На торжественной линейке перед посадкой на корабль дети стояли с рюкзаками за спиной, и по их лицам Йоси видел, что им очень хочется показать ему — воину, прибывшему к ним из самой Эрец-Исраэль, — что они полностью готовы к предстоящей операции. «Дети, — сказал он мне как-то раз, — главные герои всей этой истории».

Йоси всегда считал, и продолжает верить в это до сих пор, что возложенная на него в то время миссия была — без преувеличения — священной. Пусть даже это определение и может сейчас показаться кому-то чересчур высокопарным.

Йоси помнит, как люди постоянно таскали с собой буханки хлеба. Он видел их повсюду — и в лагерях, и на «Эксодусе». Причем даже тогда, когда людям хотелось есть, они этот хлеб все равно не трогали.

Помнит Йоси и то, что репатрианты не желали расставаться с вещами, которые напоминали им о собственном доме — пусть даже воображаемом, о котором они мечтали. Это могло быть что угодно — старая одежда, подсвечник, лампа, выцветшая фотография, кольцо, крест, четки…

И Йоси никогда не забудет услышанные в лагере рассказы.

В одном из бараков он познакомился с мальчиком, который зарабатывал на жизнь, торгуя обувью, снятой им же с трупов, а на вырученные деньги покупал хлеб и газеты, чтобы накрывать ими тех, кого он разувал. Этот мальчик рассказал Йоси, что в мае 1944 года при депортации из Пластова их привели к поезду, возле которого стоял оркестр и играл танго, причем все музыканты были в лагерных робах. Когда же он сидел в лагере, немцы выносили на улицу патефоны, взятые из домов евреев, и ставили пластинки с вальсами и маршами.

Еще один мальчик был сыном раввина и спасся, прожив всю войну в монастыре. Когда за ним пришли и рассказали ему, что произошло, он на какое-то время потерял рассудок.

Третий мальчик рассказав, что, когда ему было девять лет, родители положили его в чемодан с дырками — чтобы он мог дышать — и выбросили на ходу из поезда, битком набитого евреями. Его нашли и воспитали какие-то крестьяне. Он прибыл в лагерь с маленьким крестиком, который его приемные родители попросили отвезти в Иерусалим.
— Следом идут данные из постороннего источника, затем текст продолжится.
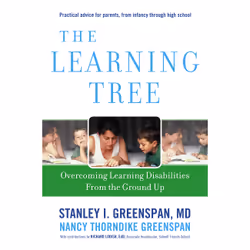 ISBN The Learning Tree, Education, Anglais, Couverture rigide, 296 pages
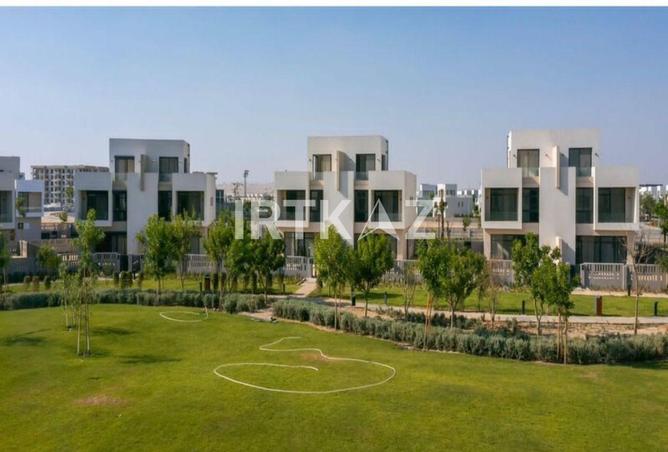 8533896 - صورة العقار 2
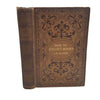 How To Collect Books by J. H. Slater, 1905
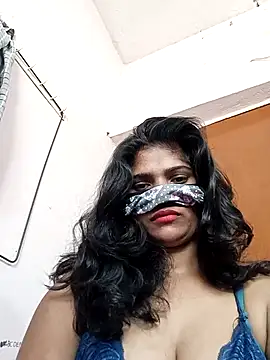 Snapshot of Shreya-Shetty09 chatting on 10-17-25, 04:37 Shreya-Shetty09 online show from 10-17-25, 04:37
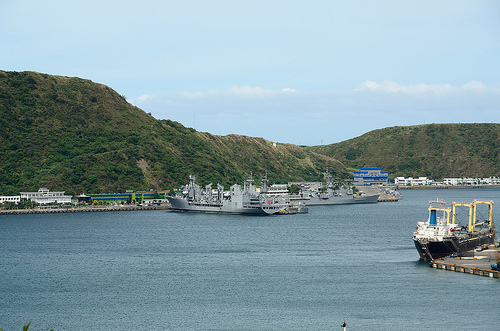 蘇澳軍港-2.jpg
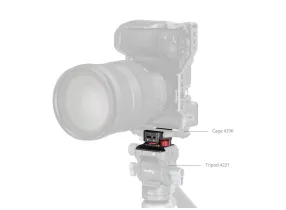 SR MD4857 - SmallRig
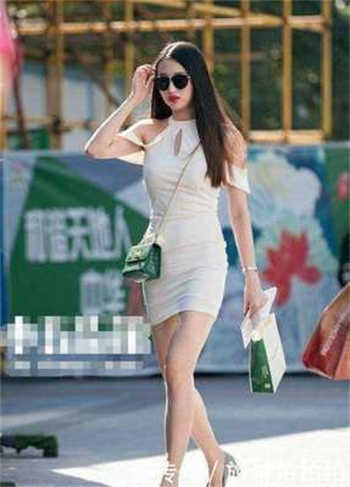 mdx0030女主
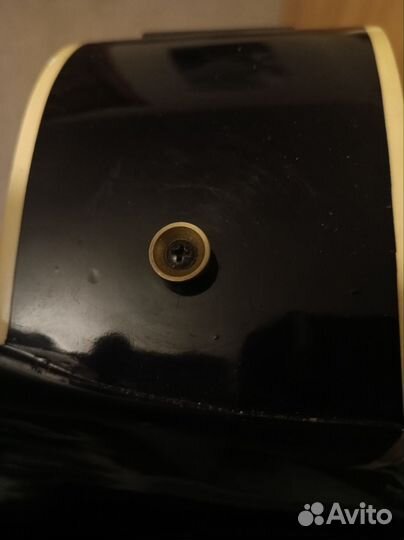 Акустическая гитара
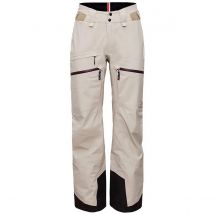 Elevenate Damen Pure Hose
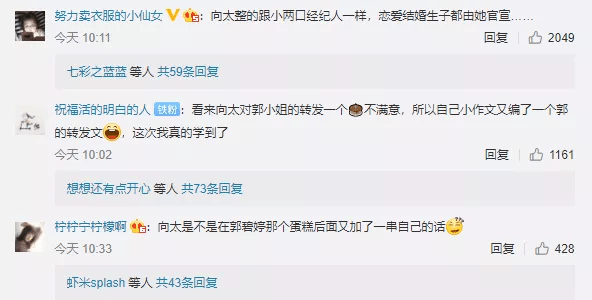 向太|十七：被豪门婆婆“绑架”的媳妇儿，不生男孩不给结婚？还不是图她的翡翠…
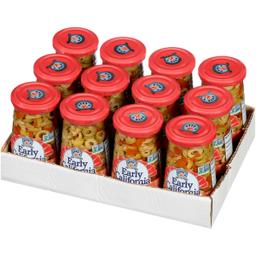 Product thumb gallery 1662440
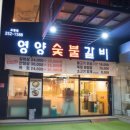 KB국민은행(울산점) 이미지
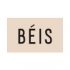 Avis – 30% Off Your Order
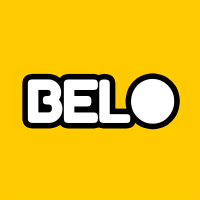 Hộ Kinh Doanh BELO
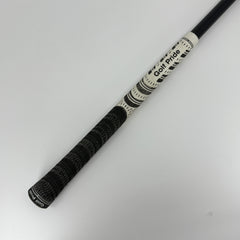 Fujikura Ventus TR Black Velocore 70 X Stiff Driver Shaft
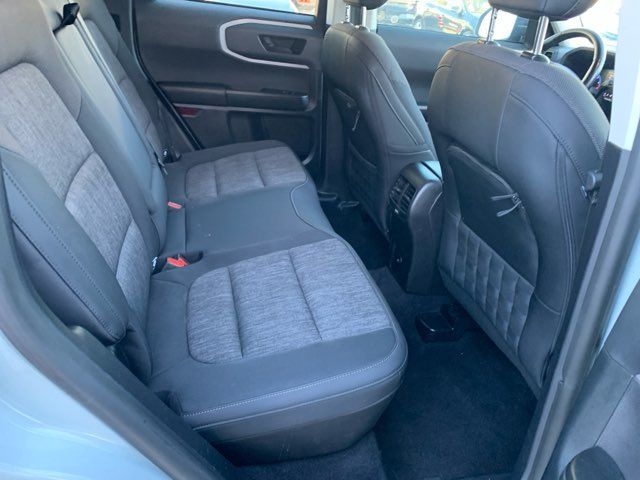 2023 Ford Bronco Sport Big Bend | San Antonio, TX | Clear Choice Automotive South 2023 Ford Bronco Sport Big Bend | San Antonio, TX | Clear Choice Automotive South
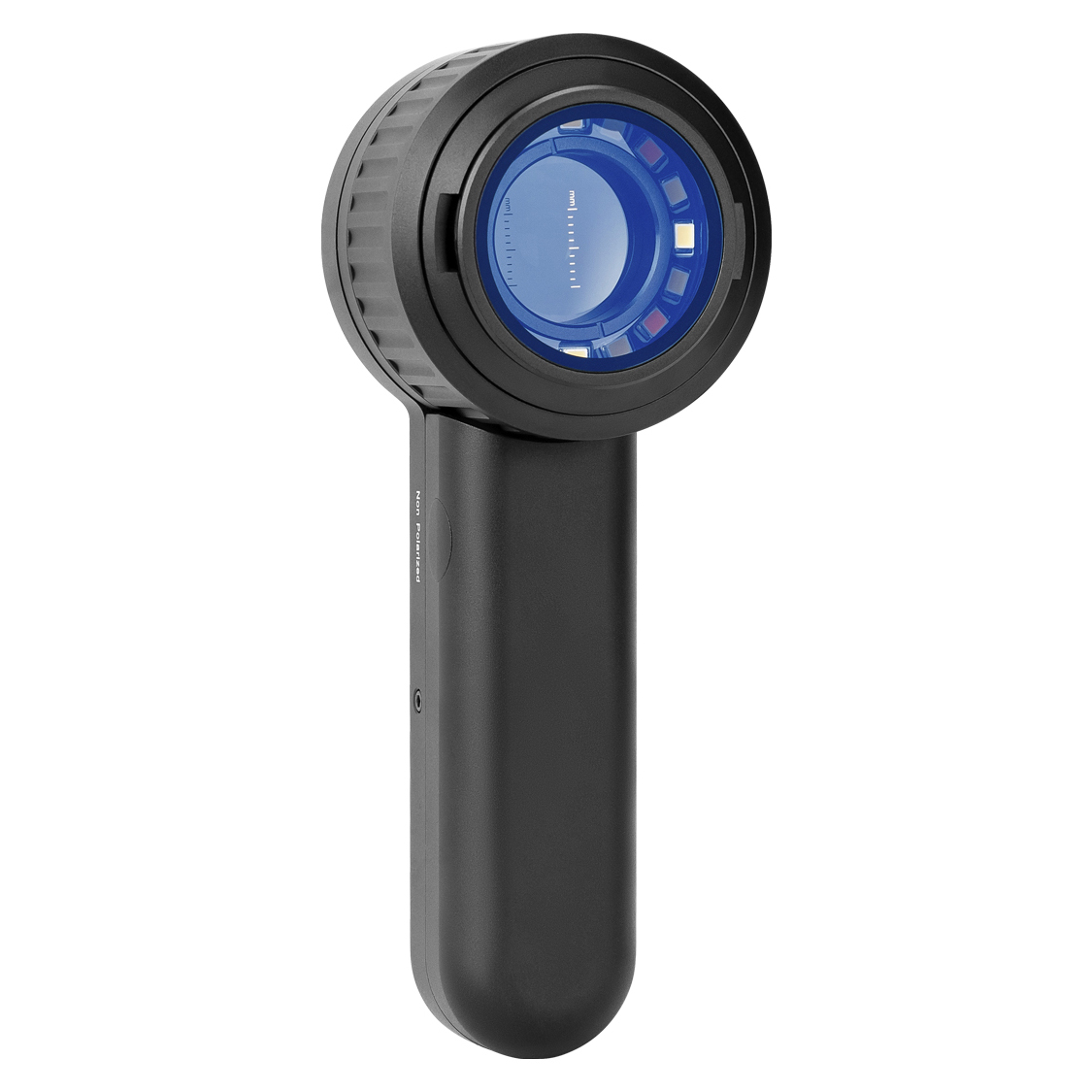 Skinlite DE-3100 PRO Dermatoscope - Image 5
Четвертый мальчик рассказал, что, когда их освободили, он выполз из-под горы трупов и закричал: «Эй! Есть тут кто-нибудь живой? Ну хоть кто-нибудь!» — и из этой горы вдруг стали вылезать и набрасываться на еду, принесенную солдатами-освободителями, существа, напоминавшие скелеты.

Пятый же мальчик, Й. Полак, рассказал Йоси, что он происходил из богатой и образованной варшавской семьи. Во время войны ему удалось скрыть свое происхождение и попасть в польский трудовой лагерь. После войны он вернулся в Варшаву, но никого из своих родственников там не нашел, а поляки, занявшие их дом, выгнали его, заявив, что он убил Иисуса Христа. В конце концов он оказался во Франции. Он задавал Йоси много вопросов об Иерусалимском университете на Ар-Ацофим.